# Wooden fascia boards?



## great gonzo (Nov 4, 2010)

I need to replace some wooden fascia boards which are 20mm thick. 
What sort of wood do I need?
It’s going to be primed and painted. 

Cheers Gonz.


----------



## Chrisxtype (Aug 13, 2019)

Why don't you replace the timber with UPVC, no more painting , maintenance free, cheaper in the long run,


----------



## great gonzo (Nov 4, 2010)

Chrisxtype said:


> Why don't you replace the timber with UPVC, no more painting , maintenance free, cheaper in the long run,


Chris I am using UPVC around my house but this is for a garage that's joint with my neighbour so want the same look/material used. 
Just not sure what timber there's so many varieties?

Gonz.


----------



## Chrisxtype (Aug 13, 2019)

Hi Gonzo, I would use Tantalised , best purchased from a timber merchant, many will cut down to size for you, good luck,


----------



## Andyblue (Jun 20, 2017)

If you’re sticking with timber, I’d go for treated timber and if you contact a timber merchants they’ll tell you what lengths they have and often will deliver for free or small cost... 

Personally, I’d opt for UPVC - appreciate what you’re saying about matching next doors - why not look to one of the wood finish or coloured UPVC ? 
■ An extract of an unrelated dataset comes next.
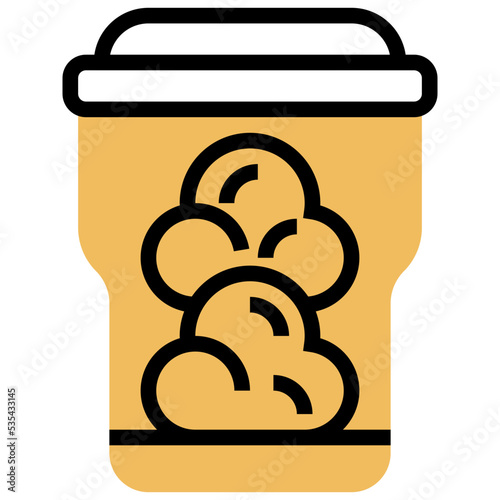 Busket icon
If you get on with your neighbour, why not have a chat and see if they fancy either replacing all there’s at the same time or the front (presume this is where you’re trying to match) with you - it’s surprisingly cheap, especially just for the extra few metres ???


----------



## c87reed (Dec 9, 2015)

There is a likelihood that your neighbour may replace theirs with uPVC in the coming years and so it then wouldn't match either. Most would go down that route these days subject to the character of the house.

I have never known anybody use tanalised timer for fascia boards. Primer and paint is perfectly sufficient and will last you many many years. Red Cedar is a common choice.


----------



## jerseyman (Aug 18, 2006)

Conversely, I am in the process of replacing my uPVC facias with wood.


----------



## Darlofan (Nov 24, 2010)

jerseyman said:


> Conversely, I am in the process of replacing my uPVC facias with wood.


Why is that?


----------